The depiction of female sexuality in Sandel’s books can be interpreted as variations on Key’s themes. Time and again, she tries in vain to reconcile the conflicting demands of her ideology, a failure that strikes the present-day reader as totally logical. How can you recognise and describe the power of sexuality in women’s lives while recommending abstinence until Mr Right shows up without contradicting yourself?
The young women in Virveln are either high-principled, snooty virgins representing discipline, cultivation, and class consciousness, or careless, impressionable daredevils who pay more attention to pleasure and ostentation than their honour. When the madcap Magda Mejsel learns about sex from her co-workers at the chocolate factory, she is assaulted “by a swarm of impressions – longing, dread, arousal, repugnance – as the images paraded before her insatiable inner eye.” It does not take long for her to ‘give in’ to her impulses, which leads to her inevitable undoing. The stuck-up Birgit Sänke, on the other hand, adopts an intellectual attitude to her sexuality, decides to ‘wait’ and represents more of an ideal. But Sandel isn’t fully invested in her moral project. Her adventurers manifest a lot more substance, life, and energy than her ideal figures. She is so fascinated by the ‘wild’ women who partake freely of life’s ‘goodies’ that the reader is soon swept along as well. Although she injects a disclaimer now and then, the plot speaks another language.
Even her portrayal of Ulla, a slattern of almost mythological proportions, in Mannen som reste sig is captivating precisely because it so strongly evokes the forbidden side of femininity. Ulla can’t sew on a button or sweep a floor; she is cheeky, profligate, and easily seduced. She neglects her sick mother-in-law, embroils her husband in alcoholism, and abandons her children. This modern Lilith is a lot more fun to read about than Eva, the paragon of virtue who ultimately takes Ulla’s place as wife and mother; Sandel’s moral admonishments do little to take the sheen off her fascination.
“Loops in her buttonholes due to overconsumption of pastries, tattered garters, missing buttons, bursting seams, hairpins falling out… So what? If her hair fell down, she twisted it back up again, be it in the middle of the street, and men weren’t the least bit displeased, for her sparkling countenance sent a ray of sunshine and the premonition of spring quivering through their bodies. But women found her repulsive down to the soles of their feet …
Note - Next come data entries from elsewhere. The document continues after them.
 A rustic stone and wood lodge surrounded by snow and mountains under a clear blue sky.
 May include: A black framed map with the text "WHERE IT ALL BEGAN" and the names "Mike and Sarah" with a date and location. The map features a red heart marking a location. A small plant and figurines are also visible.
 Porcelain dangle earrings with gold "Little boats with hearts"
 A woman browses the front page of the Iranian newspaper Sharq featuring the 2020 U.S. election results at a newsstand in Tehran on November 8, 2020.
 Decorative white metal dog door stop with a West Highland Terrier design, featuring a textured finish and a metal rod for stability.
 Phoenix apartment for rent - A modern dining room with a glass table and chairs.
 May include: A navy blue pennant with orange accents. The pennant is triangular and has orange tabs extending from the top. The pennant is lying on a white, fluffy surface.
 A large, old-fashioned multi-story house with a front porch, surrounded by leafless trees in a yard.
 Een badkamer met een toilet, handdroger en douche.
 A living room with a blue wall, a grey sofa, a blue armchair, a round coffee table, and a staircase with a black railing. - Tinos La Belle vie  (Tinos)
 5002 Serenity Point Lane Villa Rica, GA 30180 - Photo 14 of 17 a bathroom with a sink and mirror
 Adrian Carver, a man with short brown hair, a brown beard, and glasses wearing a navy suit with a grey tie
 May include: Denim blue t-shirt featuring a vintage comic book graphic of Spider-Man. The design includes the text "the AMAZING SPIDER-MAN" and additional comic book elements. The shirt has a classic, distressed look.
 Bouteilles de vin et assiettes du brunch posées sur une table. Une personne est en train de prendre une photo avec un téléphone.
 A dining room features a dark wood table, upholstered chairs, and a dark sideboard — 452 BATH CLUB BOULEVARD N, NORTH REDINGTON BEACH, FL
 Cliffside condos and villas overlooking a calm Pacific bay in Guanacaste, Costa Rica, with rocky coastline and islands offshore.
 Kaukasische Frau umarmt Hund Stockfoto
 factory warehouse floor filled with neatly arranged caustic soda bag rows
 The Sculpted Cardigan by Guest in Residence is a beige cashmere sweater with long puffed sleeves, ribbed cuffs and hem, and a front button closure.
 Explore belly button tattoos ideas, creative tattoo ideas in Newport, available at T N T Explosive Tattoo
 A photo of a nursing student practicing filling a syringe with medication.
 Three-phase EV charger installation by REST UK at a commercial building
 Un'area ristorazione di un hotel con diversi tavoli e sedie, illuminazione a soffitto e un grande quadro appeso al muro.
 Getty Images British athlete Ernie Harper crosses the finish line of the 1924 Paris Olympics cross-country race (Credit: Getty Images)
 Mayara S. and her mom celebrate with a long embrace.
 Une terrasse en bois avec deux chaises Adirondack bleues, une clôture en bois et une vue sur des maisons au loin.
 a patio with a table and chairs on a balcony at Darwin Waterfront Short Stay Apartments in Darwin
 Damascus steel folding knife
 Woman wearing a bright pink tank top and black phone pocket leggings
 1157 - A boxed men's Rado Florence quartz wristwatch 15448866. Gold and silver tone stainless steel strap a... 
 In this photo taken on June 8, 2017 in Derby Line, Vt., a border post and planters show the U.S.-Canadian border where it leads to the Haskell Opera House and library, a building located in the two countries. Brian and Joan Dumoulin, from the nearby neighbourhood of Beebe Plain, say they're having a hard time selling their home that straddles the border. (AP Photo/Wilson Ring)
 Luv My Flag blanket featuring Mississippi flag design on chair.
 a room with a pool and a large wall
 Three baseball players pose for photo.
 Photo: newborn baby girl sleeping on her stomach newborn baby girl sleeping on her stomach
“Everything she undertook was performed carelessly or left half undone. If she sewed on a button, it dangled from its thread, which she had forgotten to knot; if she swept the floor, half of the dirt never made it to the dustpan… Too lazy to keep track of household items, Ulla supplied the sanitation department with knives, forks, and anything else that might end up in a refuse bin, squandered her possessions, and stood passively by as her world fell apart.”